I think the worst solo ever is on "Fight for your right to party"



Rick said:


> I think it was a Crate.



No, It was one of those "Cigarette pack" amps.


----------



## Regor (Nov 17, 2007)

Zepp88 said:


> Even if so....it's Fred Durst, so it's automatically bash-worthy



OH, I'll absolutely give you that!


----------



## Rick (Nov 18, 2007)

I think the worst solo was from "Cult Of Personality."


----------



## Universalis (Nov 18, 2007)

Rick said:


> I think the worst solo was from "Cult Of Personality."



True. I also would put in the top ten some shit recorded by John Frusciante in the Red Hot Chili Pepper's "Californication" album. In some solos you could be able to imagine him agonizing on the freatboard after a bad trip.


----------



## Zepp88 (Nov 18, 2007)

I can't beleive Kerry King hasn't been mentioned in this thread. 

I'll do it....



Kerry King.


----------



## FYP666 (Nov 18, 2007)

Oh god, I wish I could play like him!


----------



## Zepp88 (Nov 18, 2007)

FYP666 said:


> Oh god, I wish I could play like him!



Like Kerry?

I'd set my sights higher......


----------



## Metal Ken (Nov 18, 2007)

they should just kick kerry king out of slayer and let me join.


----------



## Zepp88 (Nov 18, 2007)

Metal Ken said:


> they should just kick kerry king out of slayer and let me join.



 

Hannemann is the true badass in Slayer.


----------



## Battousai (Nov 18, 2007)

OH!

I thought this thread was about me

Oh well.. 
Fred Drst BOO!


----------



## eleven59 (Nov 18, 2007)

Metal Ken said:


> they should just kick kerry king out of slayer and let me join.



I'd buy that album


----------



## Groff (Nov 18, 2007)

Metal Ken said:


> they should just kick kerry king out of slayer and let me join.





Zepp88 said:


> Hannemann is the true badass in Slayer.



Hannemans solos aren't much better sometimes... (read the booklet to christ illusion, they list who solos when)

A-tonal bullshit...


----------



## eleven59 (Nov 18, 2007)




----------



## Metal Ken (Nov 18, 2007)

TheMissing said:


> Hannemans solos aren't much better sometimes... (read the booklet to christ illusion, they list who solos when)
> 
> A-tonal bullshit...



Yeah, but he wrote all the badass songs and he isnt a self-important ass ;p


----------



## Zepp88 (Nov 18, 2007)

Metal Ken said:


> Yeah, but he wrote all the badass songs and he isnt a self-important ass ;p



Exactly.

Hannemann has a bit of the wanky whammy bar syndrome too, but I've heard a decent solo from him.

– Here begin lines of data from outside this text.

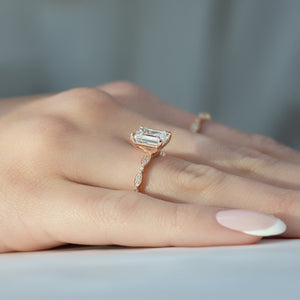 The Jasmine Set With A 1.5 Carat Emerald Lab Diamond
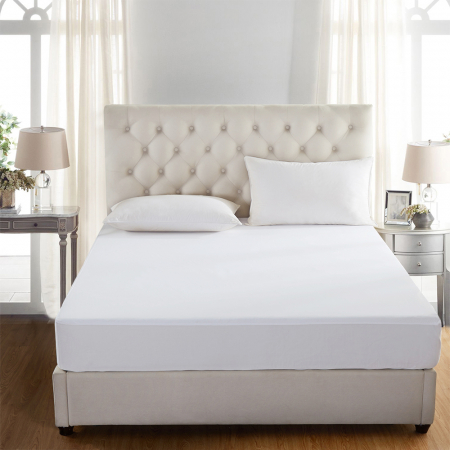 Cearceaf de pat cu elastic, bumbac natural 100%, alb [5]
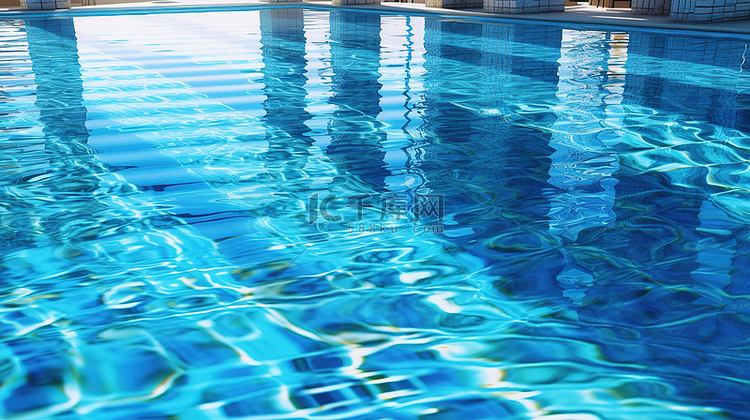 游泳池中清澈的蓝色水的 3D 插图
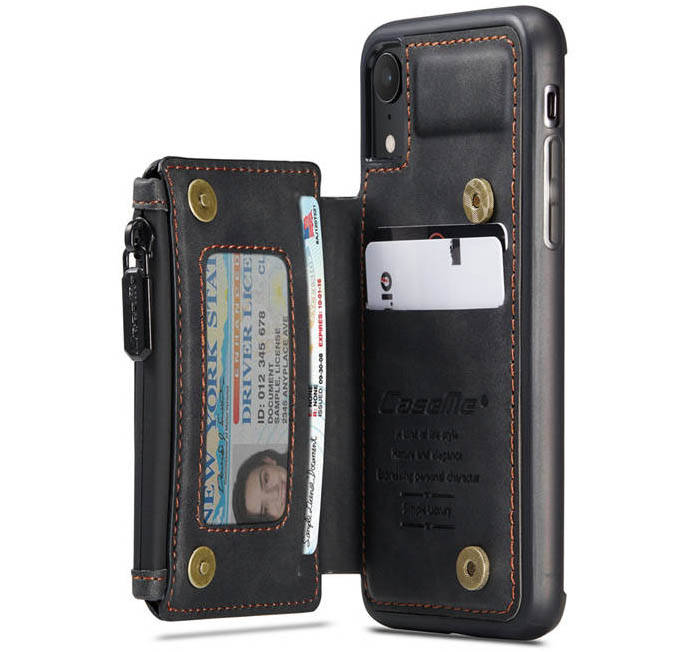 CaseMe iPhone XR Zipper Pocket Card Slots Case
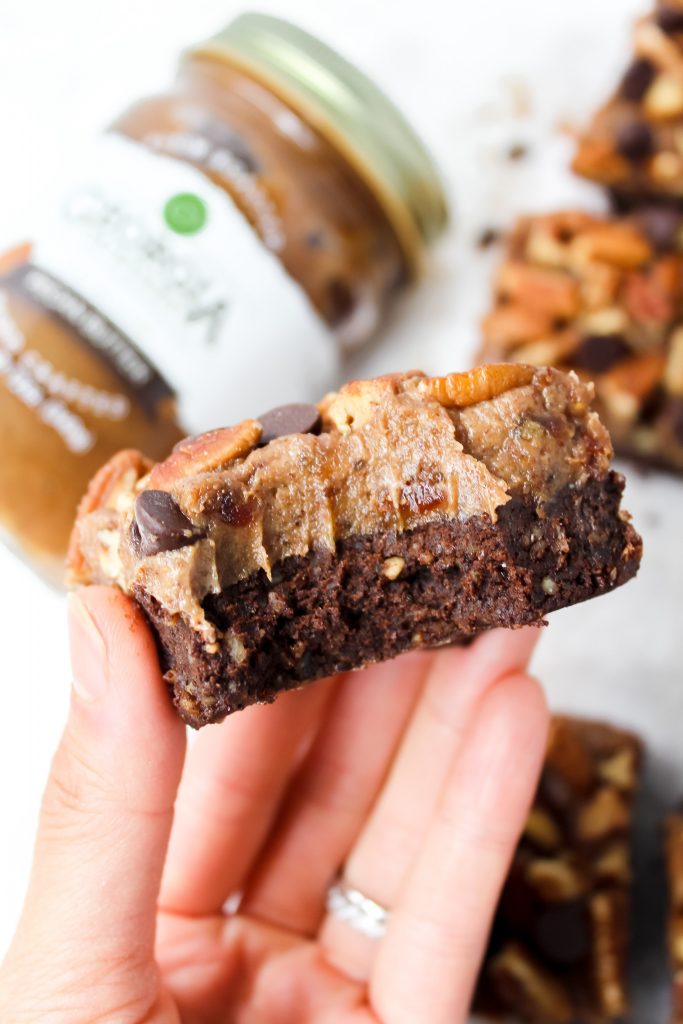No Bake Turtle Brownies by Georgia Grinders - FoodSocial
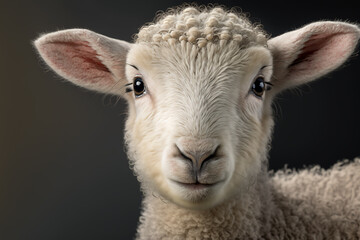 Generative AI. Animal illustration. Portrait of a spring lamb.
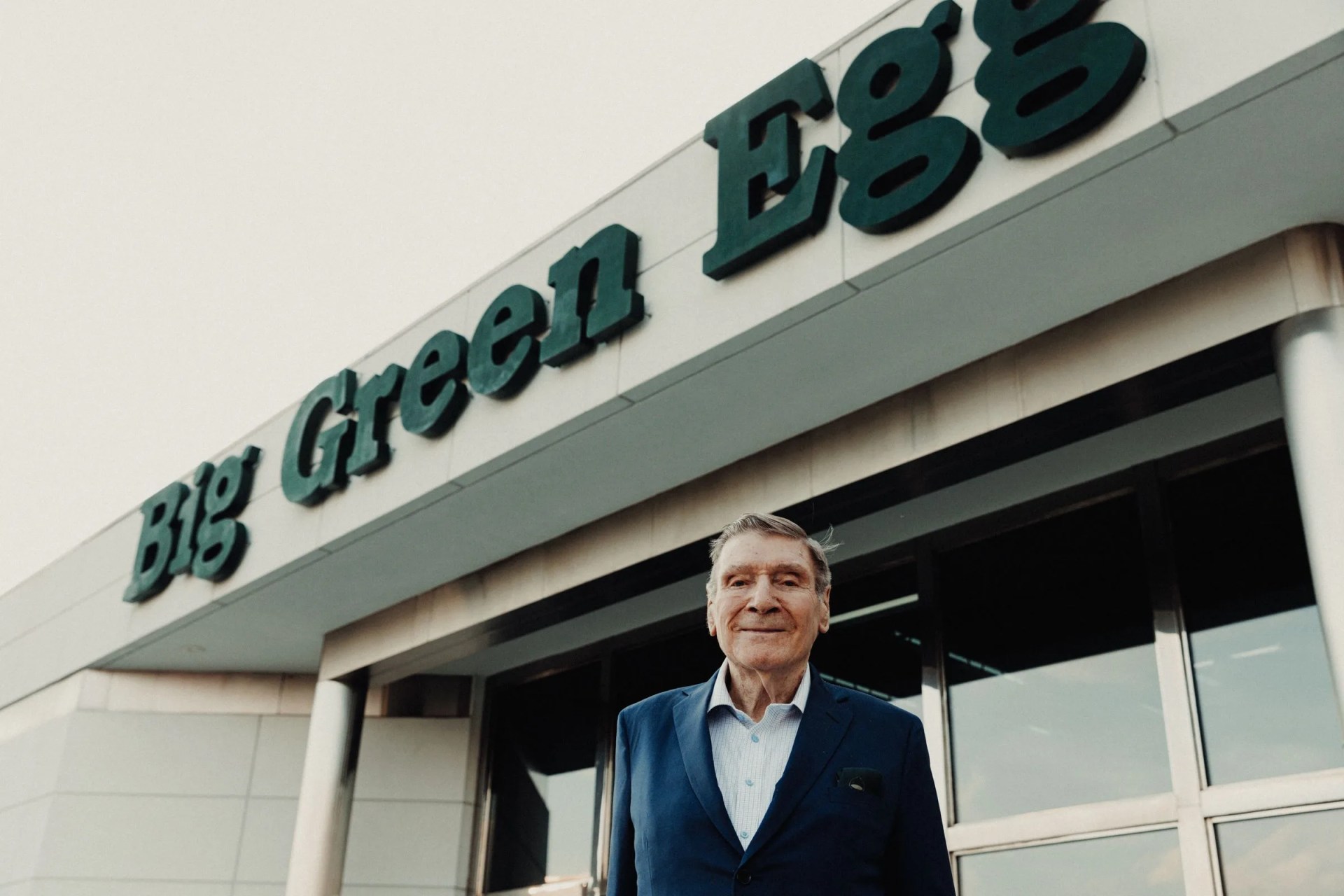 ed fisher outside the big green egg headquarters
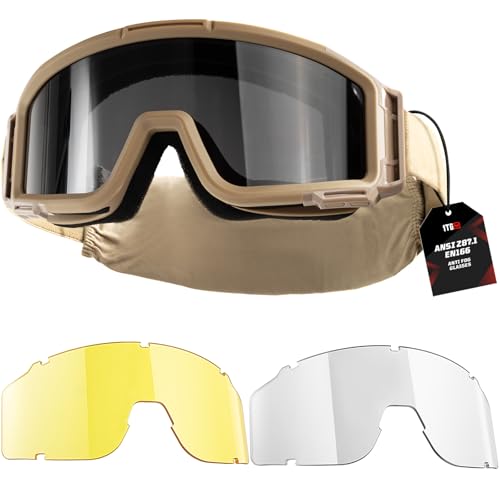 1TG Tactical Airsoft Goggles Anti Fog - Tactical Safety Glasses with 3 Impact-Resistant Lenses for Shooting, Skiing & Riding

But his song writing is a lot better. "Seasons In The Abyss" anyone?

Only Slayer CD I care to listen to....


----------



## Psychoface (Nov 18, 2007)

eleven59 said:


>




.. that solo sucked ass.. but the fred durst solo was worse (but not by much)


----------



## Shawn (Nov 18, 2007)

Psychoface said:


> fred durst trying to shred, its very very sad....
> he had obviously never touched a guitar in his life before that




 That was hilarious. Nice bends and nice technique.


----------



## D-EJ915 (Nov 18, 2007)

spinal tap


----------



## OzzyC (Nov 18, 2007)

Did someone say Shred Durst?


----------



## Variant (Nov 18, 2007)

>




 Why, oh why is this talentless pee pee touch a millionaire?! It's shit like this that keeps me an atheist. 



*On* topic: That dreadful collaboration between Moby and the galactically irritating Gwen Stephani, Moby wields a guitar solo that is dreadful at a level that has not been heard before. Stick to the programming there, buddy.


----------



## m3ta1head (Nov 18, 2007)

OzzyC said:


> Did someone say Shred Durst?




Who the fuck is that? He's fucking awesome!


----------



## 7 Dying Trees (Nov 18, 2007)

Variant said:


> *On* topic: That dreadful collaboration between Moby and the galactically irritating Gwen Stephani, Moby wields a guitar solo that is dreadful at a level that has not been heard before. Stick to the programming there, buddy.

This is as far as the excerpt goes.